The Conservative gal next door (National Post, January 11, 2006)


MONTREAL - My federal riding is Westmount-Ville-Marie, a lengthy east-west strip comprising most of Montreal's downtown core, including three universities, plus the demergered city of Westmount and a big chunk of bohemian-bourgeois NDG. Westmount is a family-friendly community, once all anglophone, but today boasting a robust mix of prosperous francophones and allophones.

The received wisdom in anglo-dominant Quebec enclaves like mine is that only the Liberals can dispel the fog of separatism. That they've instead -- through a combination of political cowardice, strategic bungling and a near-parodic ethics deficit -- stirred up separatist leanings since the 1995 referendum has to date not deterred us from our Stockholm Syndrome voting behaviour.

Before the holidays it seemed Martin's weaknesses couldn't (outside Quebec) mar his Teflon-smooth appeal, while Harper's strengths couldn't shake off his Velcro "scariness." But polls today offer evidence of a sea change in opinion, and with it realistic hope for a Conservative government.

Today I ask: Are Westmounters emboldened enough by this change to throw our considerable weight in the riding against its soporific Liberal incumbent, Lucienne Robillard, who represents 12 years of failed promises to unite the country?

Recall that Robillard was the minister in charge of the federal campaign in Canada's near-death 1995 referendum, a campaign that never materialized until three panicky weeks before deadline.
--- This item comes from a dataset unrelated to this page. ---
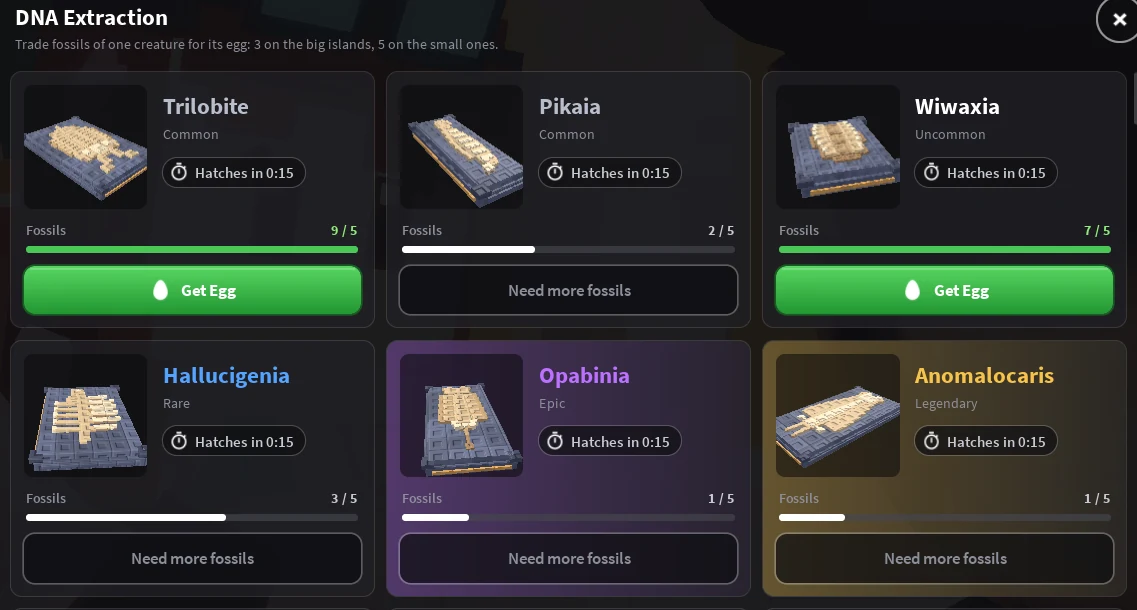 Bring a completed set to Dr. Ivy at the DNA Lab. Fossil requirements depend on the dinosaur and island size.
Yet Robillard and the Liberals have never been punished for their unconscionable abandonment of us.

Now's our chance. It happens that the Conservative party candidate in Westmount-Ville-Marie, Louise O'Sullivan, formerly a high profile Liberal Party fundraiser who quit the Quebec team in disgust last year over Adscam, is no sacrificial lamb. O'Sullivan, who has lived and worked in this riding her whole adult life, is a credible alternative to Robillard, who except for official functions has not yet deigned to assume residency nor hang out in the riding she represents.

O'Sullivan is working flat out because she's in it to win, conducting an old-fashioned door to door campaign. Response has been heartening, she says; some astonished and receptive residents have told her they've never been personally canvassed before. A month ago, the very idea of a Conservative win in Westmount-Ville-Marie seemed ludicrous. Today it doesn't.
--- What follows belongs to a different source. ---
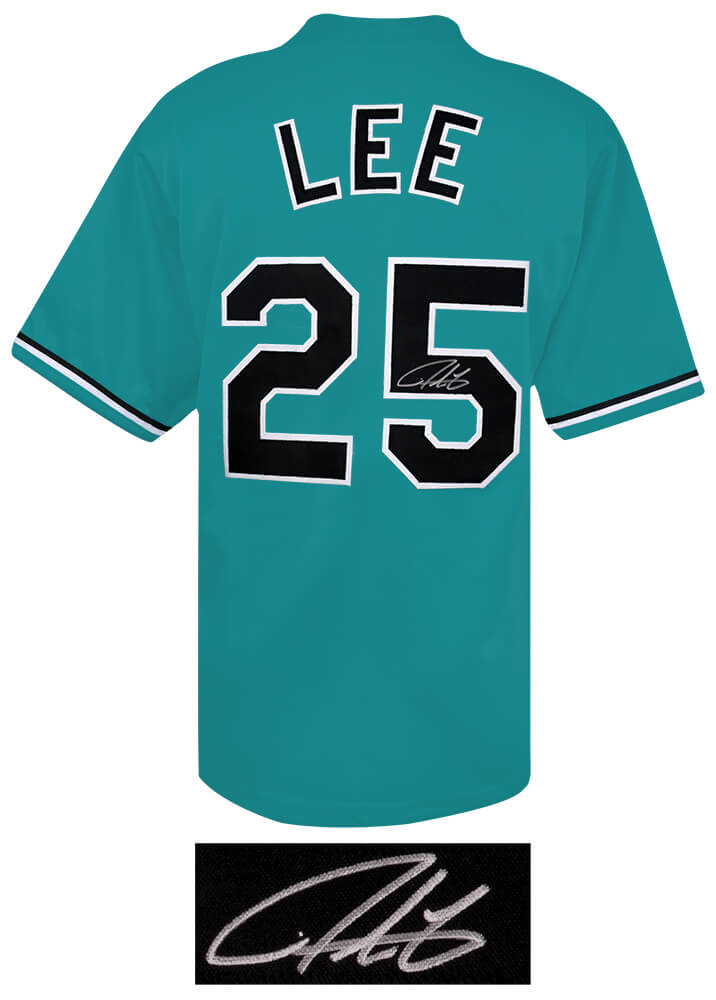 Derrek Lee Signed Teal Throwback Custom Baseball Jersey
O'Sullivan, 55 and recently widowed, is a bilingual businesswoman who founded an executive search and personnel recruitment firm 23 years ago. The invitation from the Conservative party dovetailed perfectly with her ambitions and her intimate knowledge of the Westmount-Ville-Marie riding.

She was born in 1951 in Alexandria to an Irish-Catholic father and a Jewish mother. When British passport holders were ousted from Egypt by Nasser, her family returned to England and shortly after emigrated to Montreal. Politics came naturally to her, but the 1980 referendum, she says, was what galvanized her. By the 1995 referendum she was immersed in the federalist scene. But the needs of her ailing husband prevented her accepting an admiring provincial premier Daniel Johnson Jr.'s invitation to run for a Quebec City seat in 1998 (he called her the "It" girl), so she plunged into municipal politics instead.

As a member of Montreal Mayor Gerald Tremblay's 2001 Executive Committee, she held the Business Affairs and Social Development portfolios. When a borough resident called her about chronic burst water mains left untended, she personally rounded up the blue collars and monitored their progress. When she saw dangerous patches of ice on borough sidewalks, she bought salt and spread it. An expert on homelessness, she frequently mingled with shelter "clients" to assess conditions. (As we walked and talked on Greene Avenue in the heart of Westmount, a panhandler called out "Hi, Louise").

The core-Westmount riding -- it has gone through geographic mutations -- has elected Liberals exclusively since 1958. Almost 50 years! Politically, we're like a man in a passionless long distance relationship who won't admit to himself that the charming but indolent and self-serving partner he's been supporting for years "is just not into you." On Jan. 23 let's end our dysfunctional relationship with the Liberals and take a chance on the spirited, hardworking and straightforward Conservative gal next door.